(Beginning of Data)
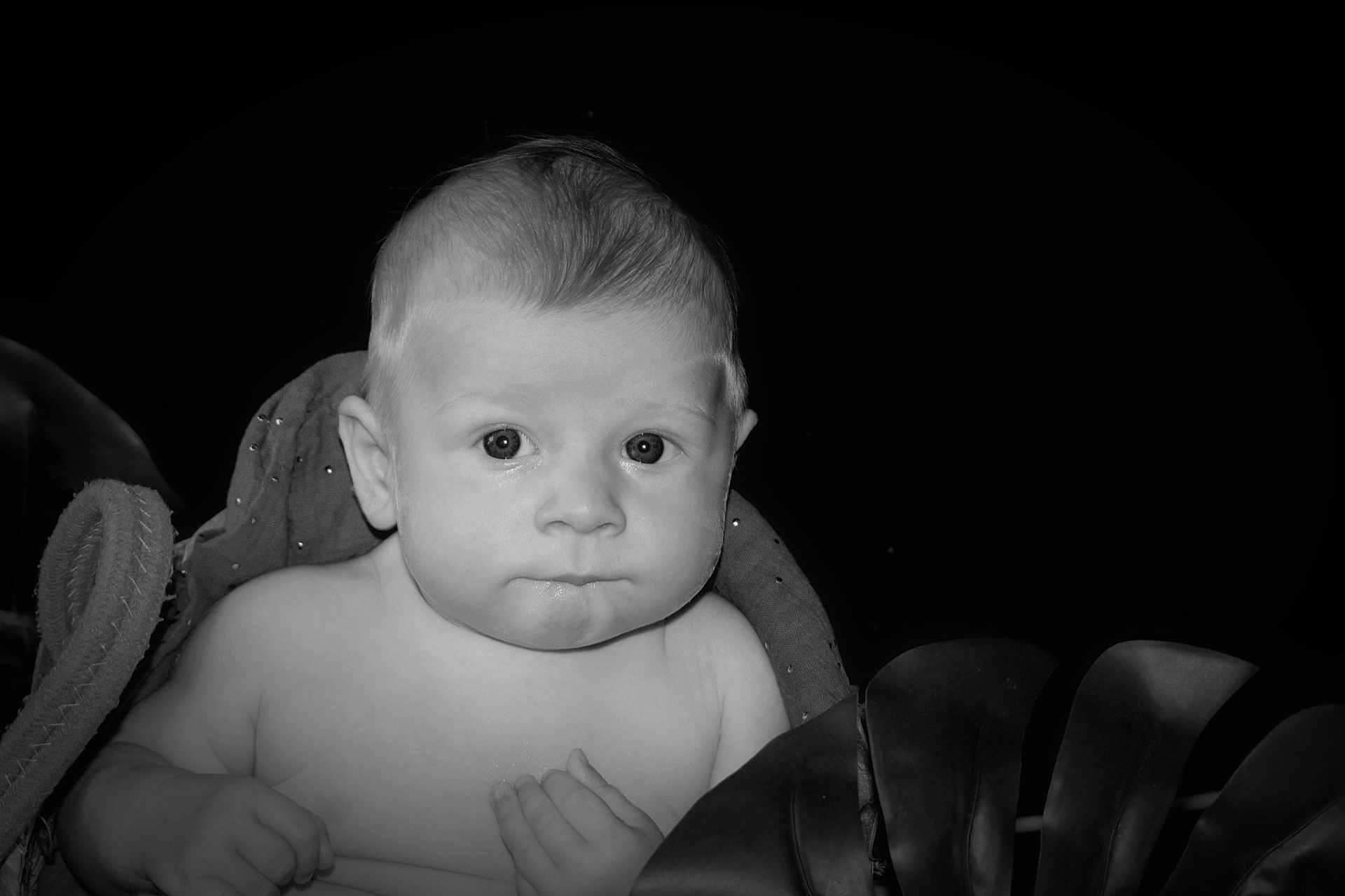 Lyam a rejoint le concours — aidez-le/la à gagner de superbes lots ! baby, infant, face, portrait, skin, blanket, hand, expression, curious, monochrome, black_and_white, soft, child, young, cute, closeup, person, head, eyes, naked_shoulders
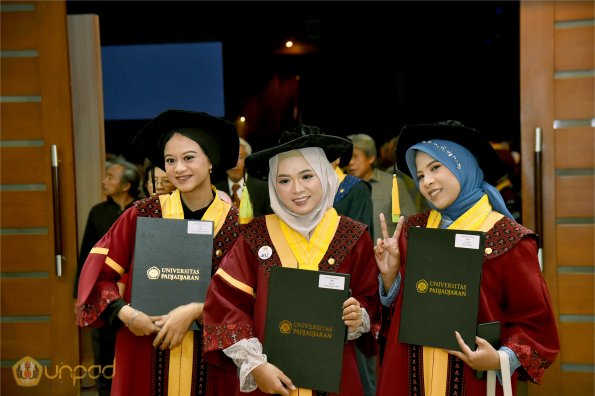 LIPUTAN WISUDA UNPAD GEL III TA 2023-2024 SESI 1 (97)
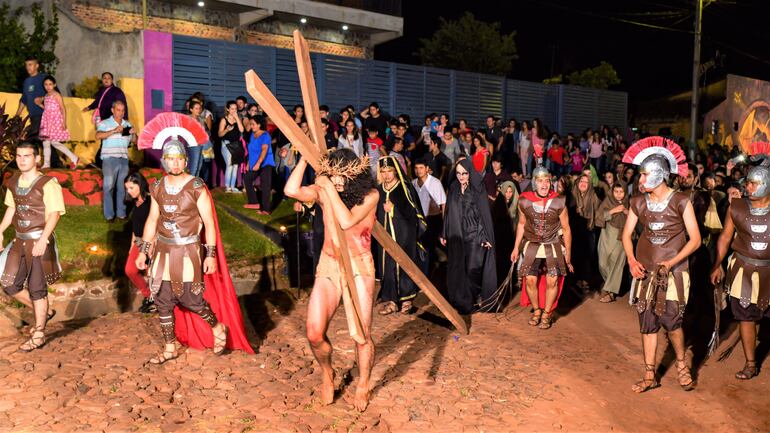 El Vía Crucis se vivenciará en Yaguarón.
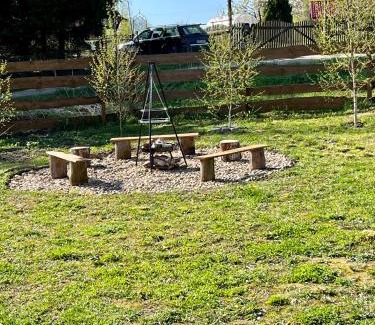 Pozezdrze House | Experience Zielona Chatka nad Sapiną: Family-Friendly Retreat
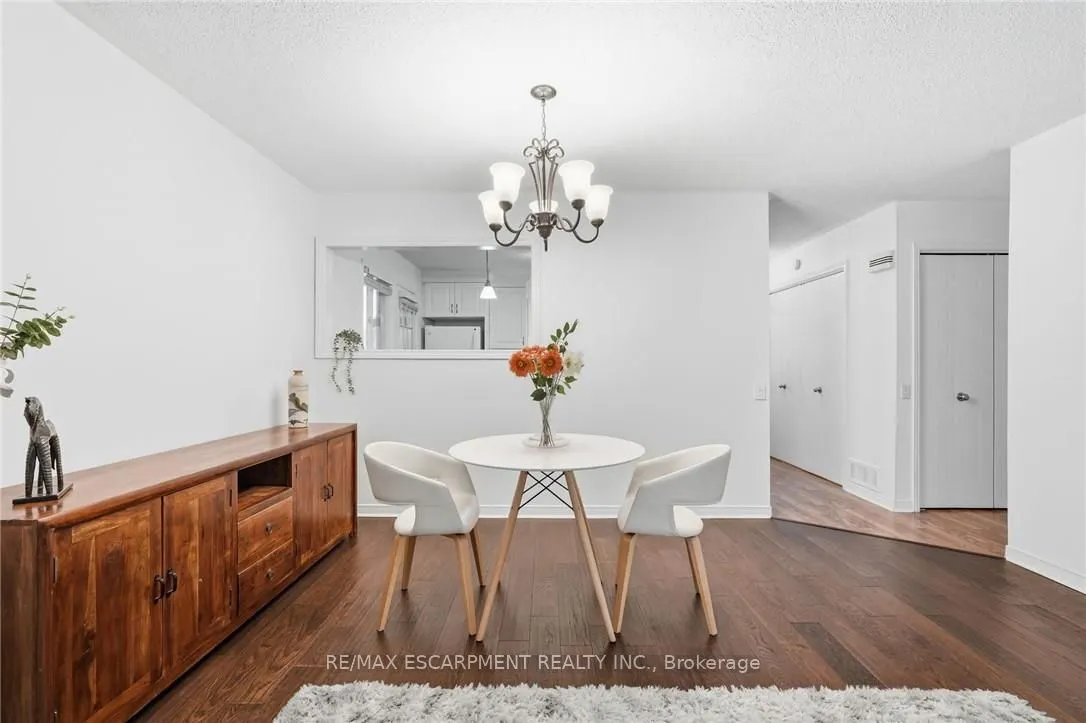 360 Silverbirch Boulevard #16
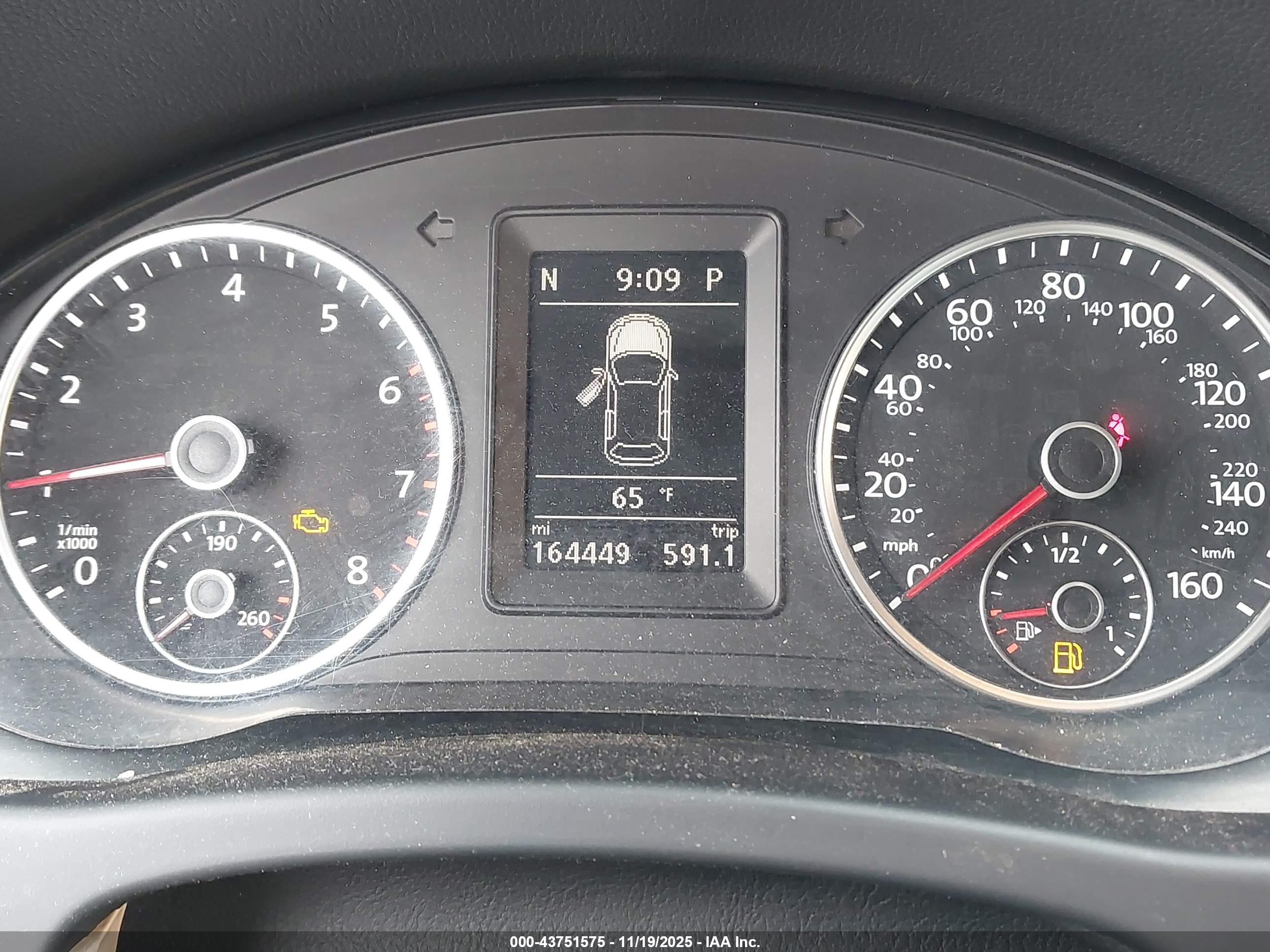 VOLKSWAGEN TIGUAN image 7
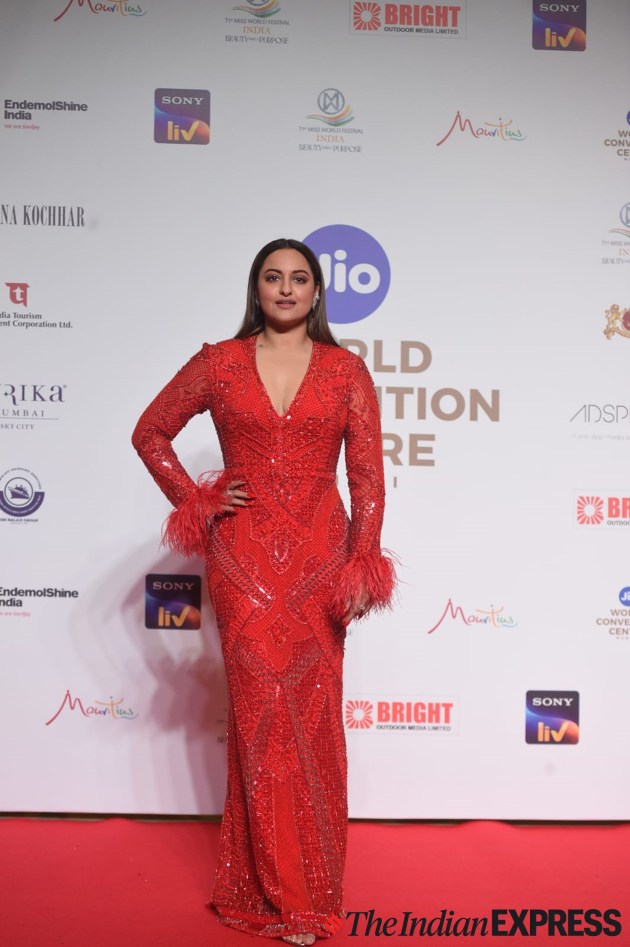 Miss World 2024 red carpet highlights, Miss World 2024 India red carpet fashion, Bollywood celebrities at Miss World 2024, Best dressed at Miss World 2024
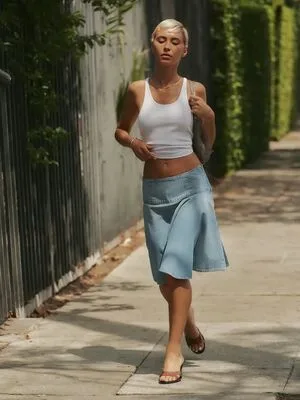 Iris Law OnlyFans Leaked Free Thumbnail Picture - #a7tzA4yAEQ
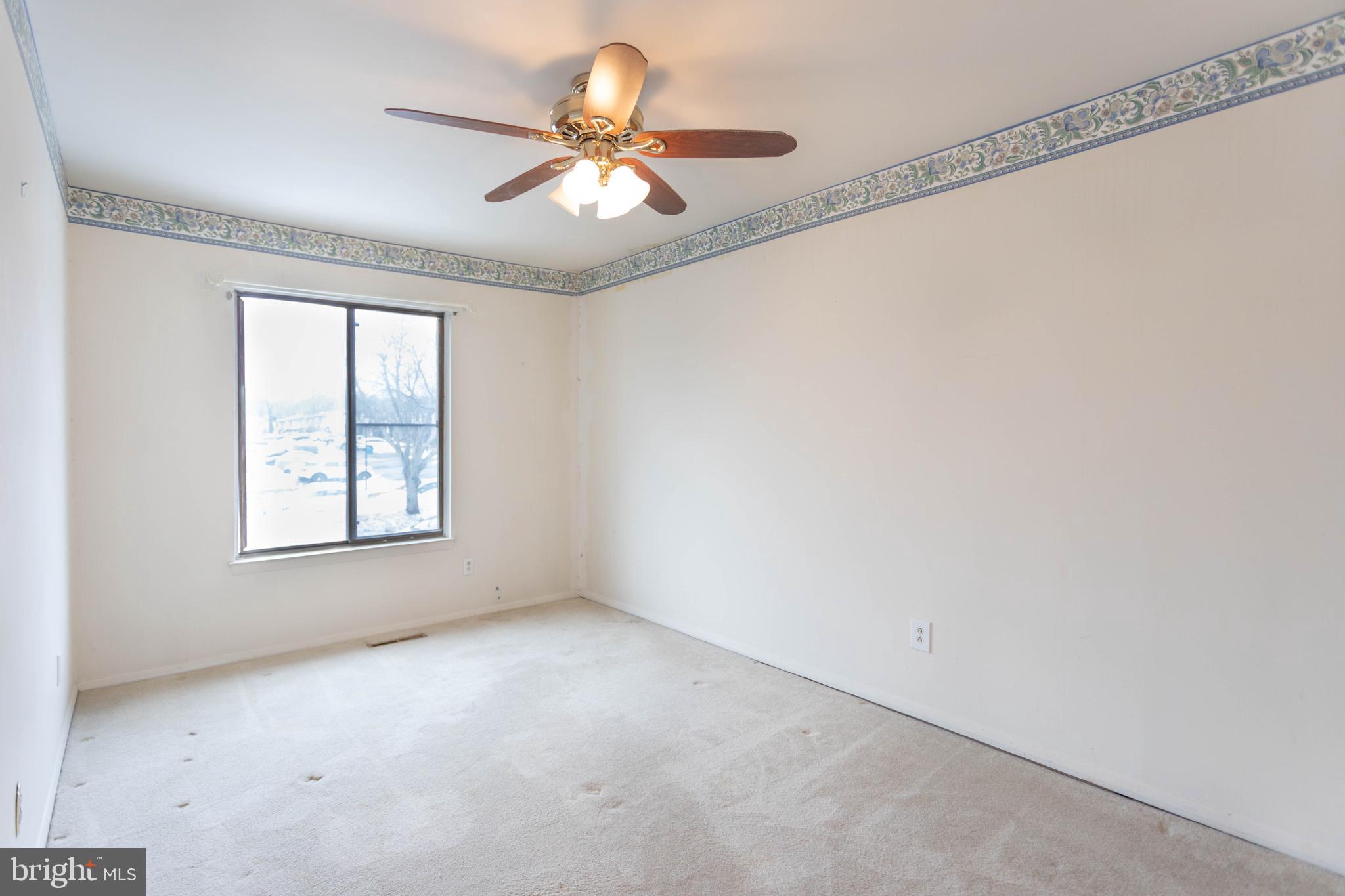 SEVEN COURTS - Residential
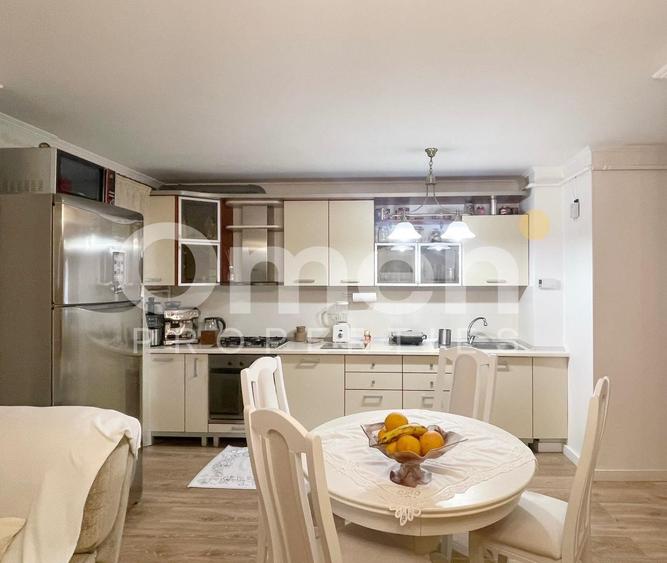 Vând apartament 3 camere | Zonă centrală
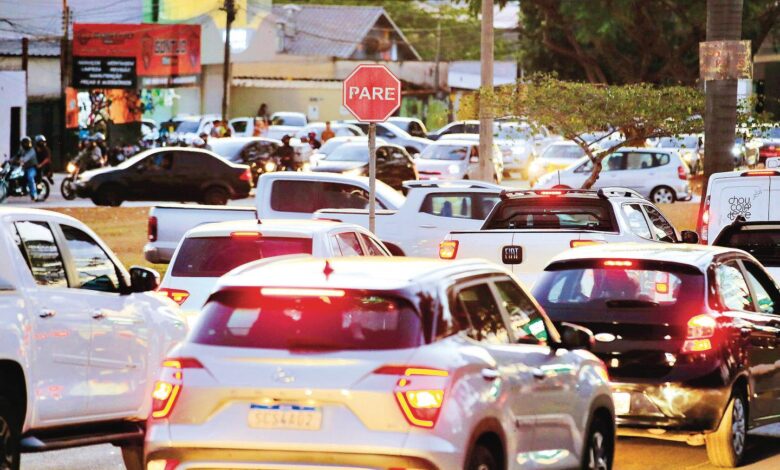 Rotatória na Avenida Viena, no bairro Parque Amazônia, em Goiânia.
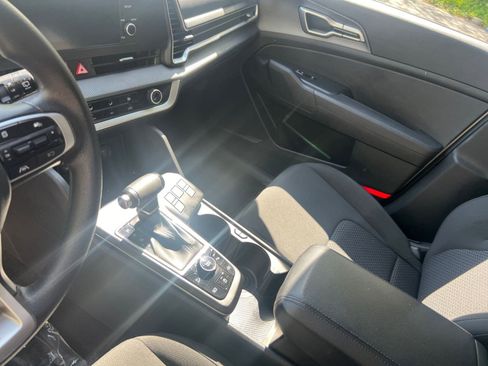 Used 2025 Kia Sportage LX image 36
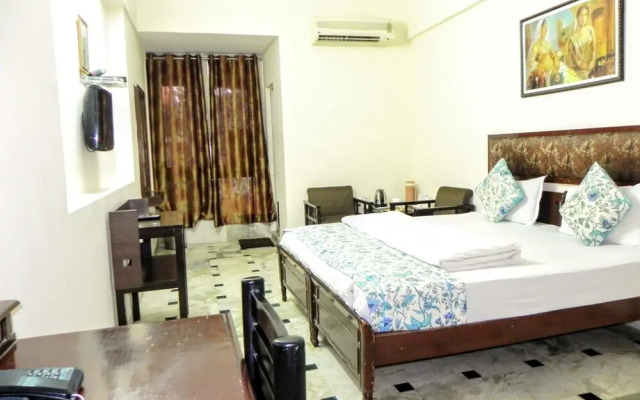 Hotel Kishan Kunj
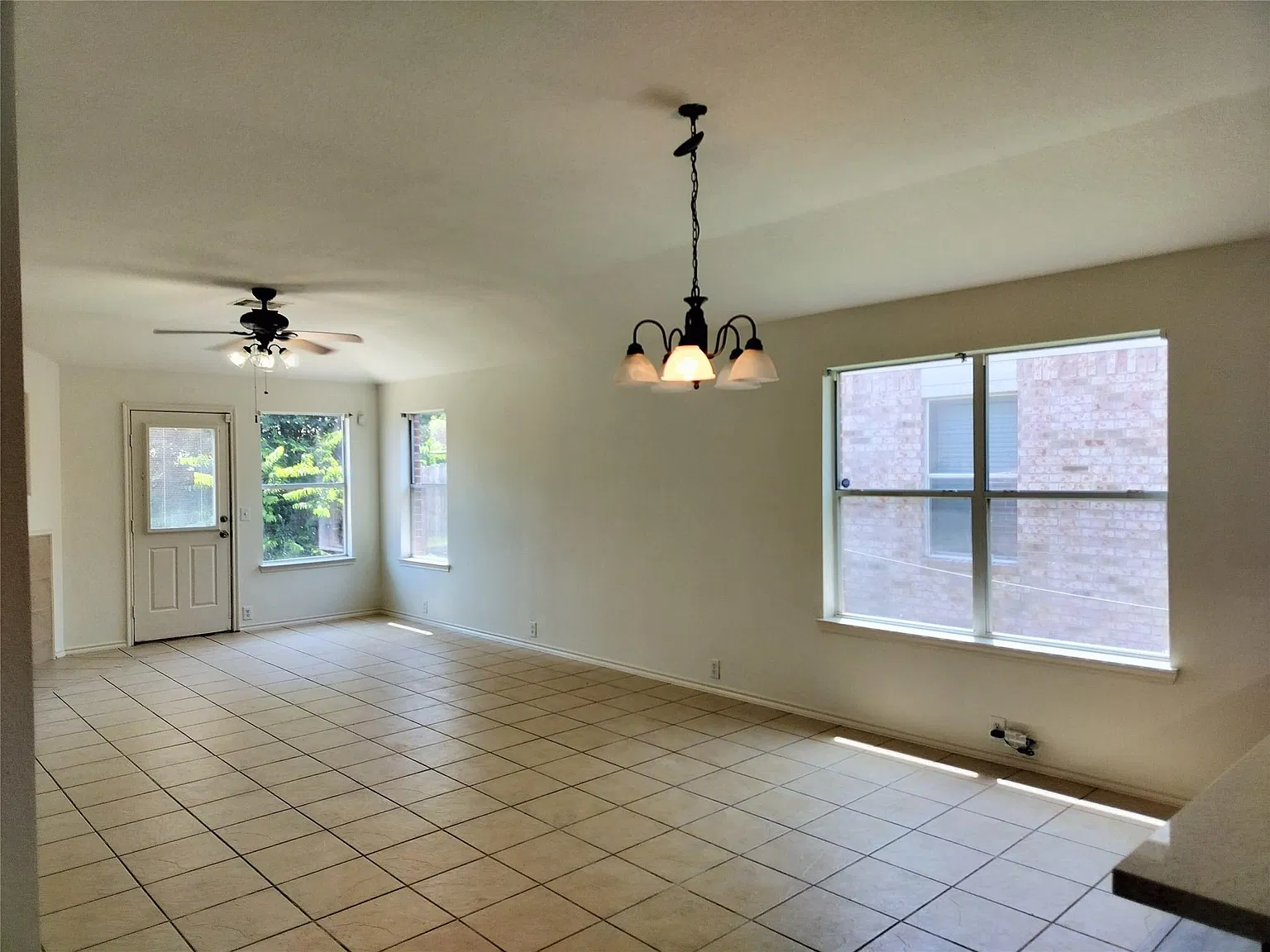 3 bed, 2.0 bath, 1504 sqft, $2,100 — Photo 4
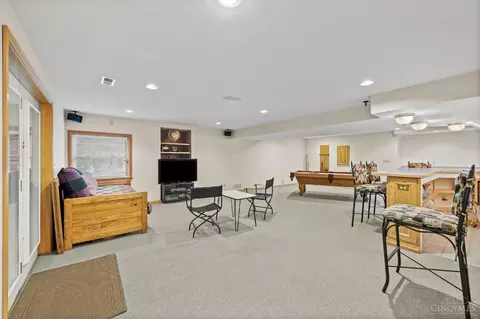 8443 Greenleaf Dr, Cincinnati, OH 45255 photo 38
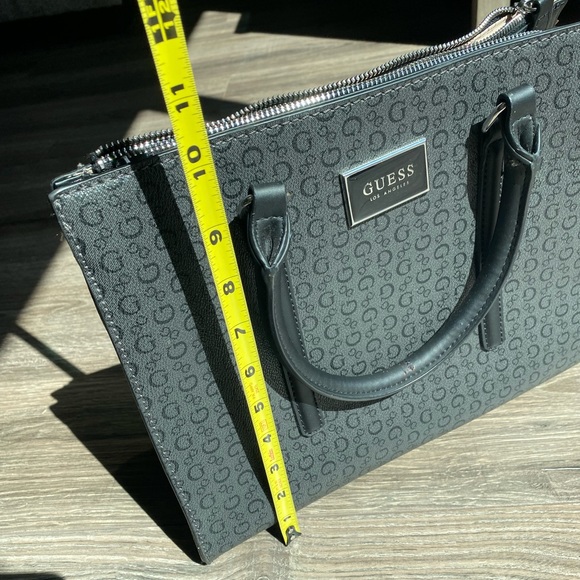 Multi compartment Guess structured back purse, some scratches on handle - Picture 3 of 12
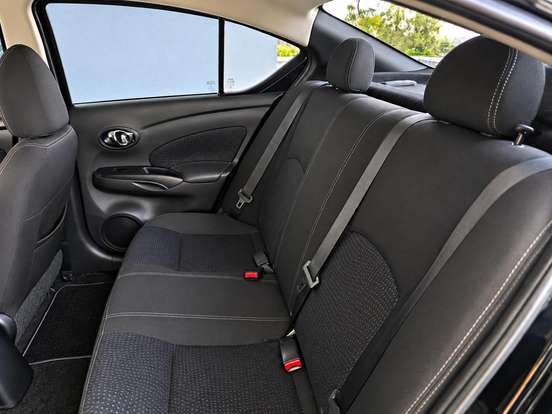 NISSAN-VERSA-2017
(End of Data)
Required action:
Exact repeats of the lines from the first one in the data through the line containing "El Vía Crucis se vivenciará en Yaguarón." make up the answer. Pictures do not.

Solution to the problem:
 Lyam a rejoint le concours — aidez-le/la à gagner de superbes lots ! baby, infant, face, portrait, skin, blanket, hand, expression, curious, monochrome, black_and_white, soft, child, young, cute, closeup, person, head, eyes, naked_shoulders
 LIPUTAN WISUDA UNPAD GEL III TA 2023-2024 SESI 1 (97)
 El Vía Crucis se vivenciará en Yaguarón.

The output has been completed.